For the most part, NVIDIA accomplished this without the use of custom silicon. We say for the most part, since its latest Volta-class V100 GPU is outfitted with 640 Tensor Cores, which are purpose-built structures that perform the kind of mixed precision matrix math (32-bit and 16-bit floating point) that deep learning codes thrive on. As a result, each V100 can deliver 120 deep learning teraflops. That’s nearly as good as the 180 teraflops delivered by Google’s custom-built TPU, although it’s not clear if the latter is implemented with the same mix of flops.
If the elephant in the room is NVIDIA, the elephant-hunter would be Intel. Its strategy is to use a combination of the Xeon Phi technology and the Nervana-acquired IP to develop purpose-built machine learning chips.

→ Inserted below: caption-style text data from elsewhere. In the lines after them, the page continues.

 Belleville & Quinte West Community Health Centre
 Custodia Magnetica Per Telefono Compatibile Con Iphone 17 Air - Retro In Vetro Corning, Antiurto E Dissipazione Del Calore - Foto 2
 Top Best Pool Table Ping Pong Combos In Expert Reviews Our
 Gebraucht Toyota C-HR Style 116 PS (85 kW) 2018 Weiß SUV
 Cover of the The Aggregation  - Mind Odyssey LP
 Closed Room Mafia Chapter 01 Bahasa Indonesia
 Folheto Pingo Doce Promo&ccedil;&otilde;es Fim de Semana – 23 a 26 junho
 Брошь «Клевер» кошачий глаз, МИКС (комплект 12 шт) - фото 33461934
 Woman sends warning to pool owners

The company’s latest reveal of Knights Mill, a Knights Landing variant tweaked for machine learning codes, swaps some of the Xeon Phi’s double precision real estate for more single precision performance and support for lower precision integer math. That chip is schedule for launch later this year, which will presumably be followed by Lake Crest, a deep learning coprocessor derived from Nervana technology. Both are to be used for training deep learning models, so will go head-to-head against NVIDIA’s V100 GPU.
AMD is also challenging NVIDIA in the machine learning area, primarily with its new Radeon Instinct products – initially the MI6, MI8, and MI25 GPUs. Like Knights Mill, the Instinct GPUs jettisoned the double precision transistors in favor of the more targeted single and half precision logic. AMD continues to maintain a distinct Firepro line of GPUs for general-purpose HPC acceleration.

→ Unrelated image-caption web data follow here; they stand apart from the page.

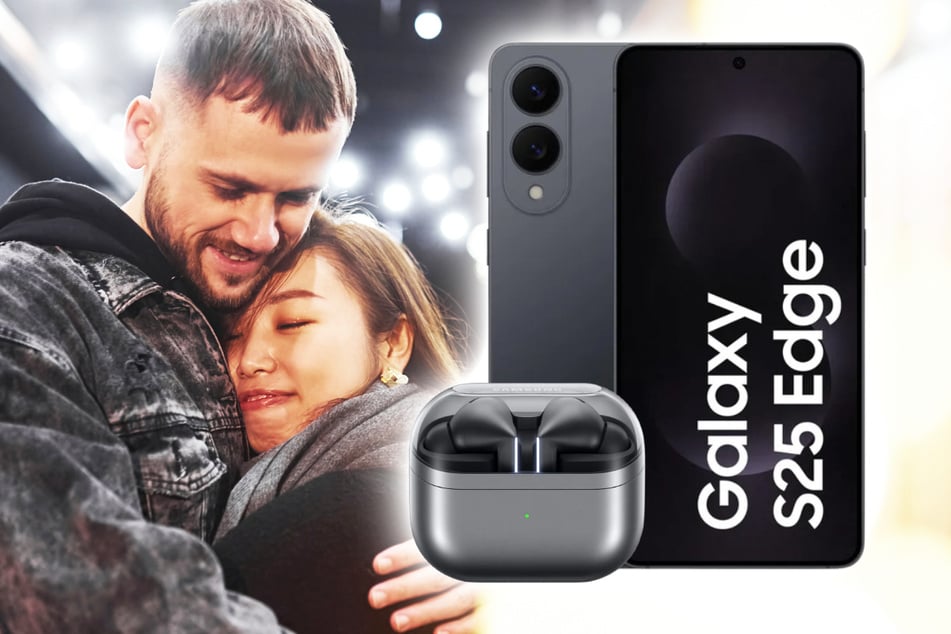 Samsung Galaxy S25 Edge mit 30 GB Allnet Flat und gratis Galaxy Buds bei o2 super günstig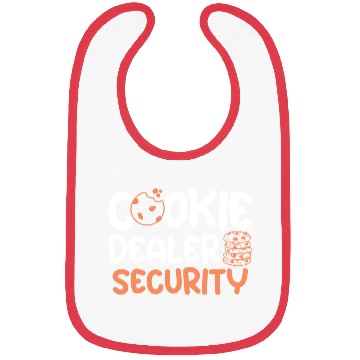 Discover Cookie Dealer Security Sweet Cookies Baking Baker Bibs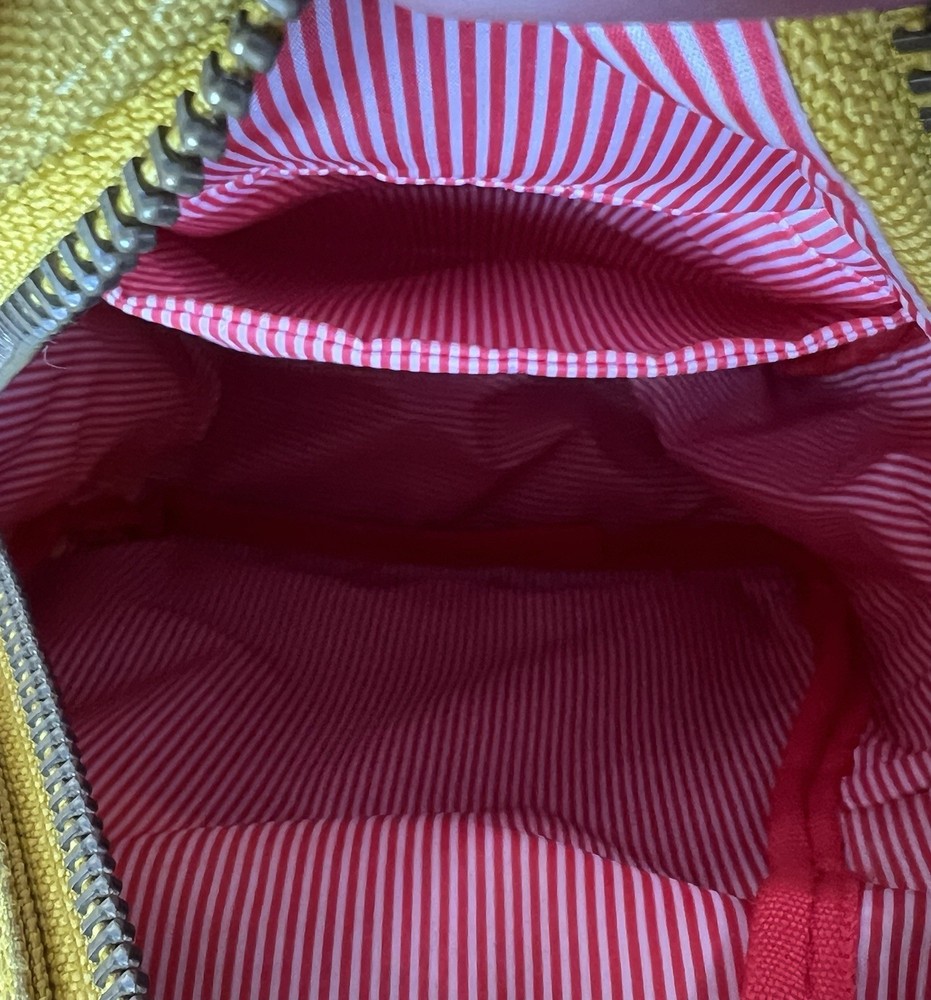 Herschel Supply Co Small Backpack Solid Mustard Yellow EUC *Read Description*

The choice between embedding machine learning logic and capabilities into a more general-purpose design, as NVIDIA has done with its GPUs, or breaking them out into separate chips as Intel, AMD, Fujitsu and others are doing, remains a central question. It worth noting that neither NVIDIA nor Intel are completely devoted to either approach: Intel has built machine learning capabilities into its latest "Skylake" Xeon processors, while NVIDIA has developed an dedicated inferencing unit, known as the Deep Learning Accelerator. Regardless of who's doing what, at this point, there is no consensus about which approach will prevail, and it’s quite possible that both will enjoy viable markets.
An area where custom chips might struggle is HPC itself, where machine learning codes are being inserted into simulation workflows. For example, machine learning can be used to mine intelligence from the simulation’s output data (like weather prediction data), as well as to determine the most useful constraints for those simulations in the first place. In these cases, a system containing processors that can flip between physics and neural network computation would be ideal. Having to deploy and maintain separate infrastructure for these two types of application would likely be more costly, even if performance could be optimized with more customized hardware.
The downside is that integrating machine learning smarts onto a general-purpose chip makes the die bigger and more complex, and thus more expensive. NVIDIA’s V100 die contains a whopping 21 billion transistors, which is about a third larger than the previous-generation P100. Even if die space was not a consideration, the extra real estate employed for the application-specific Tensor Cores on the V100 could have presumably been used to deliver more double precision or single precision performance.
In any case, it’s not a simple formulation. The diversity of machine learning applications and the dichotomy between training and inferencing are going to demand a wide array of solutions. And given that this application space is just beginning, we’re likely to see an even more varied array of designs before any sort of consolidation takes hold. Exciting times.